I have been thinking up an interesting scenario in my head, and I'm convinced the answer is a simple one that I'm overlooking. However, I've been at it for a while and decided to post the concept here and get some eyes on it.
Let's say your topology includes a pair of Nexus 7Ks, a pair of Nexus 5Ks, and a single server running VMware ESXI (lets say the vSwitch is the Nexus 1000v). This is just a simple rackmount server without anything special like a Cisco VIC - just a pair of NICs connected to the same vSwitch.
Because of this, we're able to choose between pretty much two vSwitch load sharing policies. In vSphere, the default policy is "route based on originating virtual port ID" - which isnt' exactly the identical to, but will result in the same general behavior as source MAC hashing. Let's say we're using the same policy on our Nexus 1000v. Effectively, a single source in the hypervisor will only send traffic up one link. This means that traffic from this virtual machine should only ever go to one Nexus 5K in the pair.
The result as shown above is that this virtual machine's MAC address is learned on po13 on both 5Ks (synchronized to the other switch because of the vPC peer-link). Traffic from the 5K to the 7K pair is load balanced based on ip hash, so it could go to either 7K from there, but that doesn't matter because, again, vPC synchronization will result in that MAC address being learned on port channel 12 in any case. I don't see a problem in this topology because MAC addresses can only be learned on one interface (even if it's a port channel interface).
However, things get more interesting when we start load-balancing based on IP hash on the server as well. In this scenario, traffic from a single virtual machine (and therefore single MAC address) could egress out of either link - it all depends on the IP source and destination.
From a 5K perspective, we don't have a problem - even if we send traffic up both links to the 5K pair, vPC synchronization once again saves the day and the MAC address tables on both 5Ks read correctly that the MAC address for our virtual machine has been learned on po13.
This gets to be a problem when you realize that both 5K switches are connected to the 7K pair on separate vPCs (and separate port channel IDs). Since traffic from our virtual machine will be entering the 7K pair from both 5Ks, this MAC address will be learned on po11 and po12 alternately - a less brutal way of describing a MAC flap. vPC synchronization doesn't help us here because the MAC address is being learned on multiple interfaces - vPC synchronization only helps us if the other switch is receiving frames from the same source on the same interface name, which is not the case here.
As a result of this, I'm concerned I'm missing something fundamental to how these components work. Anyone who can help and point out my gap in knowledge is certainly welcome to do so.
I understand the issue and I ask you why do not use a vpc with back-to-back topology?
In your scenario you are connecting a "single switch" (vpc N5K domain) with two different switches above that are talking to each other.

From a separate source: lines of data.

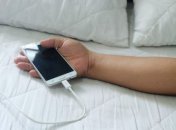 Заряджати телефон потрібно правильно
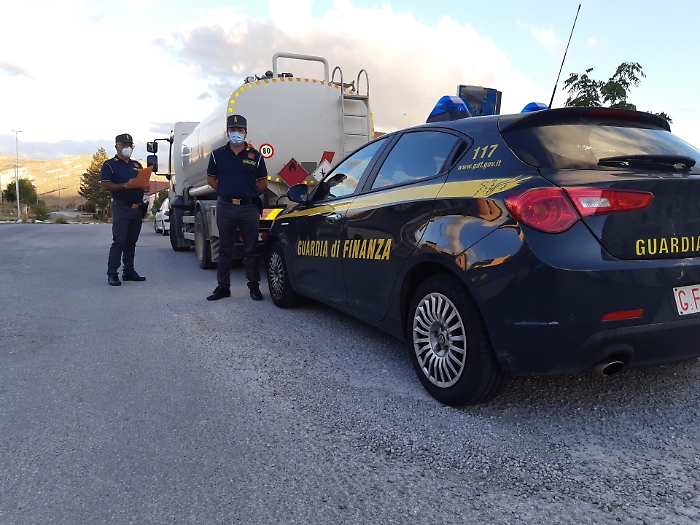 Contrabbando di gasolio agricolo: sequestrati mille litri di carburante e tre denunciati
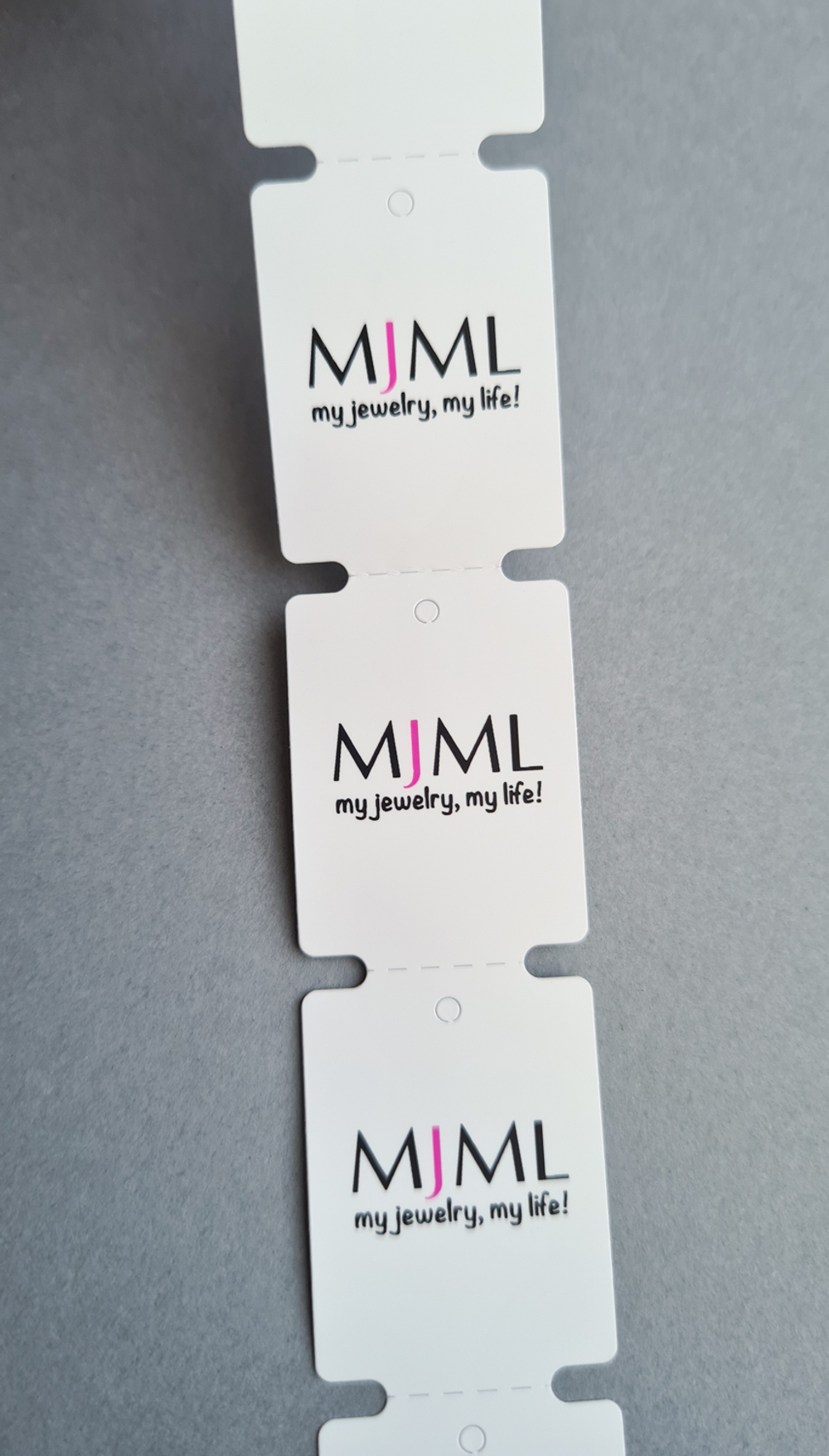 Ярко-розовый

Although you are protected from L2 loop in the vpc loop prevention mechanism (in the N5K vpc domain) you still can face mac issues and duplicate frames from this design.
I had considered back-to-back vPC but was interested to know if that's the right direction. So in this topology, the only proper configuration is a back-to-back vPC, and my concerns about MAC flapping are valid?
EDIT: Better yet, what if the two switches on top weren't Nexus switches - or even capable of any kind of MLAG? Wouldn't we have the same problem?
I can see a lot of problems that can happen, not just about mac flapping but L2 inconsistency overall.
If you have in the upstream a different kind of box, you can not connect them as a loop or this box will learn the same mac from two different sources or you will take blocked links by spanning-tree.
A vpc back-to-back topology is the best option for sure, if you have vlans overlapping among the boxes or not. It will give you all paths as active and no L2 issues.
Thanks, Richard. So what I'm hearing is that when you have two pairs of vPC-capable switches like this, and you're not using anything like FabricPath, then back-to-back vPC is really the way to go. Right?
Not that I don't believe you (because I do ) but I'm very interested in any documentation you may know about that talks about this scenario, and that recommends a back-to-back topology. I'm going to use this example in a few teaching excercises and it'd be nice to have material to cite.
Definitely vpc B2B is the best option for L2 without fabricpath.
About documentation, the only thing related is that vpc b2b is fully supported, since you keep the vpc domains with different numbers.
You can find some documentation in the DCI subject that also mention vpc b2b.
Please rate useful answers.
Interesting discussion. And great that you took the time to produce diagrams to clearly explain the problem.
Nothing to add over and above what Richard has already stated, but on the documentation side of things, it may be worth reviewing the Design and Configuration Guide: Best Practices for Virtual Port Channels (vPC) on Cisco Nexus 7000 Series Switches.
If you look at the section vPC Deployment scenarios from page 8, this discusses single and double sided (back-to-back) vPC. For the latter it provides a number of benefits that double-sided vPC offers over single sided vPC.
Normal Spanning-tree process would put either Po11 or Po12 in Blocking, assuming that the N7K is the root. The VPC peer-link is ALWAYS forwarding, but that doesn't mean that both uplinks would be forwarding.